- MATERIAL FOR THIS EXERCISE
Start of Block

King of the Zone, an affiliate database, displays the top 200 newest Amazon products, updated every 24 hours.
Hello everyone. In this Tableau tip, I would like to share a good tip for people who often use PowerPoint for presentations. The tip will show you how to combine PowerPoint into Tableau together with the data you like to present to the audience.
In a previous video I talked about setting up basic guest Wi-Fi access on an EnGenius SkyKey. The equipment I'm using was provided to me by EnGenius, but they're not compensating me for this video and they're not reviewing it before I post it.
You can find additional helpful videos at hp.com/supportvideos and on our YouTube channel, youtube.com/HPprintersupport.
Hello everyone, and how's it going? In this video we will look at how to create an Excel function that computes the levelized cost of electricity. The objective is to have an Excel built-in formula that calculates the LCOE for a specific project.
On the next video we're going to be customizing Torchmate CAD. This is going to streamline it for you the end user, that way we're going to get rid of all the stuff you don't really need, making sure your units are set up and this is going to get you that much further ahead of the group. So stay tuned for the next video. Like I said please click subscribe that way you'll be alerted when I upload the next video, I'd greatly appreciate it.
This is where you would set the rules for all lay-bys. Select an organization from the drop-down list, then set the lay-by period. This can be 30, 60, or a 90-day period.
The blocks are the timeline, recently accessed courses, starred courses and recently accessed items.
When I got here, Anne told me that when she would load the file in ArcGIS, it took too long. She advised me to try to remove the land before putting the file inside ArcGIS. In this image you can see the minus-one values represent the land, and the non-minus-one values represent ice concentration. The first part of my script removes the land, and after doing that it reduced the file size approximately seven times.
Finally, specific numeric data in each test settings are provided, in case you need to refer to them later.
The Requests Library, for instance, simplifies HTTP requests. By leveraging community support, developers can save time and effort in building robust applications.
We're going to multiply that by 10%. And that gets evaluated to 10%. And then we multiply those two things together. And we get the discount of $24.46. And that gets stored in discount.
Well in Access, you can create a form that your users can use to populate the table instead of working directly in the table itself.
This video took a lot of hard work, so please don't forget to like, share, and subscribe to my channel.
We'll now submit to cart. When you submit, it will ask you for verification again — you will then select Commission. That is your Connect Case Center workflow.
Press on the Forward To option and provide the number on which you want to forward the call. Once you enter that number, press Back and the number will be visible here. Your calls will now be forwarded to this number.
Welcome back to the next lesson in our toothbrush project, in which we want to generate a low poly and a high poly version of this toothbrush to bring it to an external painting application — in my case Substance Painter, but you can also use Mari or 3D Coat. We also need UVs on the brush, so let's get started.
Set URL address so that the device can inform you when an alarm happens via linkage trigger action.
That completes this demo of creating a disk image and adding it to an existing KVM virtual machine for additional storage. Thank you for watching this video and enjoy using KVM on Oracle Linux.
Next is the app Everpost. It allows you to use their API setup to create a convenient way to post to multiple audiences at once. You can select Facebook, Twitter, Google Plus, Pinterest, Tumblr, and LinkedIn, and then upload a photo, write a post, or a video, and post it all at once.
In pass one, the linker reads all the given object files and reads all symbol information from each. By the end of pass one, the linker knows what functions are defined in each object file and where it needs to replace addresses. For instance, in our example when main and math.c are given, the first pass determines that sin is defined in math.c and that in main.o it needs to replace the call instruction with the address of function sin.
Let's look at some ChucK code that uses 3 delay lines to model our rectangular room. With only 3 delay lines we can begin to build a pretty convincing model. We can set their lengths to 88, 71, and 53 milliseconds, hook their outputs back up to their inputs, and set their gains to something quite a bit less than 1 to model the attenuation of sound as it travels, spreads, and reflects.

End of Block

- EXERCISE
Reproduce every record that appears above, keeping the wording exact.

- TASK OUTPUT
King of the Zone, an affiliate database, displays the top 200 newest Amazon products, updated every 24 hours.
Hello everyone. In this Tableau tip, I would like to share a good tip for people who often use PowerPoint for presentations. The tip will show you how to combine PowerPoint into Tableau together with the data you like to present to the audience.
In a previous video I talked about setting up basic guest Wi-Fi access on an EnGenius SkyKey. The equipment I'm using was provided to me by EnGenius, but they're not compensating me for this video and they're not reviewing it before I post it.
You can find additional helpful videos at hp.com/supportvideos and on our YouTube channel, youtube.com/HPprintersupport.
Hello everyone, and how's it going? In this video we will look at how to create an Excel function that computes the levelized cost of electricity. The objective is to have an Excel built-in formula that calculates the LCOE for a specific project.
On the next video we're going to be customizing Torchmate CAD. This is going to streamline it for you the end user, that way we're going to get rid of all the stuff you don't really need, making sure your units are set up and this is going to get you that much further ahead of the group. So stay tuned for the next video. Like I said please click subscribe that way you'll be alerted when I upload the next video, I'd greatly appreciate it.
This is where you would set the rules for all lay-bys. Select an organization from the drop-down list, then set the lay-by period. This can be 30, 60, or a 90-day period.
The blocks are the timeline, recently accessed courses, starred courses and recently accessed items.
When I got here, Anne told me that when she would load the file in ArcGIS, it took too long. She advised me to try to remove the land before putting the file inside ArcGIS. In this image you can see the minus-one values represent the land, and the non-minus-one values represent ice concentration. The first part of my script removes the land, and after doing that it reduced the file size approximately seven times.
Finally, specific numeric data in each test settings are provided, in case you need to refer to them later.
The Requests Library, for instance, simplifies HTTP requests. By leveraging community support, developers can save time and effort in building robust applications.
We're going to multiply that by 10%. And that gets evaluated to 10%. And then we multiply those two things together. And we get the discount of $24.46. And that gets stored in discount.
Well in Access, you can create a form that your users can use to populate the table instead of working directly in the table itself.
This video took a lot of hard work, so please don't forget to like, share, and subscribe to my channel.
We'll now submit to cart. When you submit, it will ask you for verification again — you will then select Commission. That is your Connect Case Center workflow.
Press on the Forward To option and provide the number on which you want to forward the call. Once you enter that number, press Back and the number will be visible here. Your calls will now be forwarded to this number.
Welcome back to the next lesson in our toothbrush project, in which we want to generate a low poly and a high poly version of this toothbrush to bring it to an external painting application — in my case Substance Painter, but you can also use Mari or 3D Coat. We also need UVs on the brush, so let's get started.
Set URL address so that the device can inform you when an alarm happens via linkage trigger action.
That completes this demo of creating a disk image and adding it to an existing KVM virtual machine for additional storage. Thank you for watching this video and enjoy using KVM on Oracle Linux.
Next is the app Everpost. It allows you to use their API setup to create a convenient way to post to multiple audiences at once. You can select Facebook, Twitter, Google Plus, Pinterest, Tumblr, and LinkedIn, and then upload a photo, write a post, or a video, and post it all at once.
In pass one, the linker reads all the given object files and reads all symbol information from each. By the end of pass one, the linker knows what functions are defined in each object file and where it needs to replace addresses. For instance, in our example when main and math.c are given, the first pass determines that sin is defined in math.c and that in main.o it needs to replace the call instruction with the address of function sin.
Let's look at some ChucK code that uses 3 delay lines to model our rectangular room. With only 3 delay lines we can begin to build a pretty convincing model. We can set their lengths to 88, 71, and 53 milliseconds, hook their outputs back up to their inputs, and set their gains to something quite a bit less than 1 to model the attenuation of sound as it travels, spreads, and reflects.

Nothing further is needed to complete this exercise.